KEYWORDS: Acinetobacter baumannii, Colistin, Meropenem, Rifampin, ventilator-associated pneumonia
INTRODUCTION
Ventilator-associated pneumonia (VAP) represents one of the most common hospital-acquired infections, carrying a significant risk of morbidity and mortality.[1] VAP develops at least 48 h after endotracheal intubation and initiation of mechanical ventilation in intensive care unit (ICU) patients.[2] Gram-negative bacteria resistant to therapy have been responsible for most cases of VAP in recent years.[3] Acinetobacter baumannii, Pseudomonas aeruginosa, and Klebsiella pneumoniae show the most resistance[4] among Gram-negative organisms. Acinetobacter species are one of the primary pathogens responsible for healthcare-associated infections, which are related to high rates of morbidity and mortality globally, mainly because of their high capacity to develop resistance to antimicrobials.[5] Some species of Acinetobacter, especially A. baumannii, an opportunistic pathogen, show resistance to various antibiotics, including carbapenems.[6] The mortality rate from VAP caused by A. baumannii varies from 40% to 70%.[7,8] In 2017, A. b aumannii, resistant to carbapenem, was placed on the critical group of the universal priority list of the World Health Organization for antibiotic-resistant bacteria, to mention the importance of research development and the urgency of new antibiotics.[9] Nowadays, A. baumannii is the most common cause of VAP in most regions.[9] Although the carbapenem-resistant A. baumannii (CRAB) is increasing but also cases of pan-drug-resistant A. bau mannii have been reported.[10] Due to high resistance to common antibiotic agents, treatment of this pathogen is a significant concern.[11] Some approaches have been taken to deal with the multidrug-resistant (MDR) A. baumannii, such as combination therapy and using the synergistic effect of certain antibiotics with colistin and ampicillin/sulbactam against this pathogen. Combination therapy reduces the required antibacterial therapeutic doses, and as a result, it can reduce the risk of side effects and drug toxicity in patients.[12,13] Some in vitro and in vivo studies have reported the synergistic effect between rifampin and colistin against MDR A. baumannii .[14,15,16]

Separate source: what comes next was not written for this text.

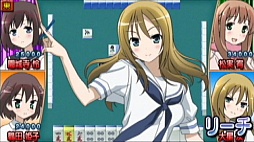 ꡼ No.024 | PSPֺ-Saki- β episode of side-A Portableפȯ䡣жɥࡼӡ4Ƥ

Since VAP is a well-known cause of death in hospitalized patients, treatment of cases caused by MDR A. baumannii is still a big challenge. Therefore, it is predicted that combination therapy of colistin and rifampin will be effective in the treatment of VAP caused by MDR A. baumannii . It is recommended that clinical research be conducted to find the best combination of antibiotics that have synergistic effects against this pathogen to attain the best result. Therefore, this study was planned to evaluate the effectiveness of the colistin/rifampin combination (which is shown to be synergistic) compared with the colistin/meropenem combination (which is usually used as the current standard antibiotic regimen) in the treatment of VAP caused by CRAB.
METHODS
From November 2022 through December 2023, this randomized controlled clinical trial was carried out at Al-Zahra Hospital of Isfahan, affiliated with Isfahan University of Medical Sciences (IUMS), Iran.

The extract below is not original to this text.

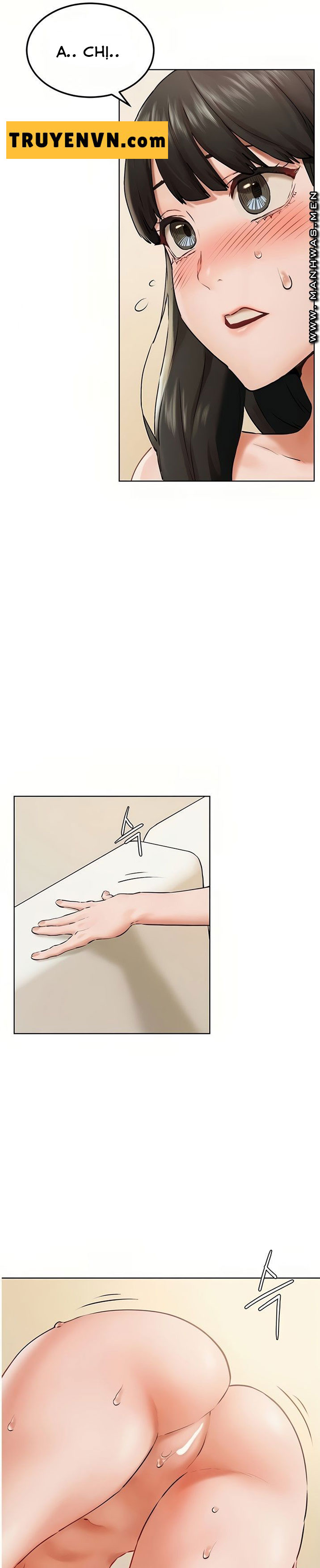 cuộc chiến thầm lặng chapter 204 27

The study population included patients with CRAB-related VAP hospitalized in the ICUs. The inclusion criteria consisted of (1) age over 18 years; (2) undergoing mechanical ventilation (intubation) for more than 48 h; (3) diagnosis of VAP; and (4) growth of carbapenem (meropenem)-resistant A. baumannii in the tracheal secretions culture.
The exclusion criteria were: (1) pregnancy; (2) breastfeeding; (3) history of allergy to colistin, rifampin, and/or meropenem; (4) acute respiratory distress syndrome; (5) active pulmonary tuberculosis; (6) simultaneous nonpulmonary bacterial or fungal infection; (7) creatinine clearance <60 mL/min according to the Cockroft–Gault formula; and (8) use of any other nephrotoxic drugs (e.g., vancomycin, any aminoglycoside, and amphotericin B).
Definitive diagnosis of VAP in a patient was made based on the following criteria: new or progressive infiltration on lung imaging, plus at least two of the following symptoms of infection:
(1) fever (temperature >38°C), (2) leukocytosis (white blood cell >12,000/mm3), and (3) leukopenia (white blood cell <4000/mm3), plus at least one of the following symptoms: (1) increased secretions of the respiratory tract and occurrence of purulent sputum with a higher need for suction, (2) crackles in lung auscultation, and (3) worsening of oxygenation (paO2/FIO2 ≤240), plus positive tracheal sample culture.[17]
Because the participants in this study were unconscious, the patient’s relatives provided written informed consent.
Using the following sample size formula, at the confidence level of 95% and 80% test power and according to the results of a previous study,[18] based on the variance of the clinical pulmonary infection score (CPIS) values of 1.62 and 2.12 for the two treatment groups, respectively, and the effect size of 1.6 obtained by the mean difference of CPIS between the two groups, the sample size in each group was estimated to be 21 individuals:
Sampling was done by aspiration of endotracheal secretions of patients. After suctioning the patients’ tracheal secretions, about 2–3 mL of this sample was collected in a sterile sampling container and instantly sent to the microbiology laboratory of the hospital for culture, identification of the pathogen type, and determination of its antibiotic susceptibility by disk diffusion method using Clinical and Laboratory Standards Institute guidelines.[19] Then, the patient was included in the study if the culture yielded CRAB (detected by the meropenem disk 10 μg).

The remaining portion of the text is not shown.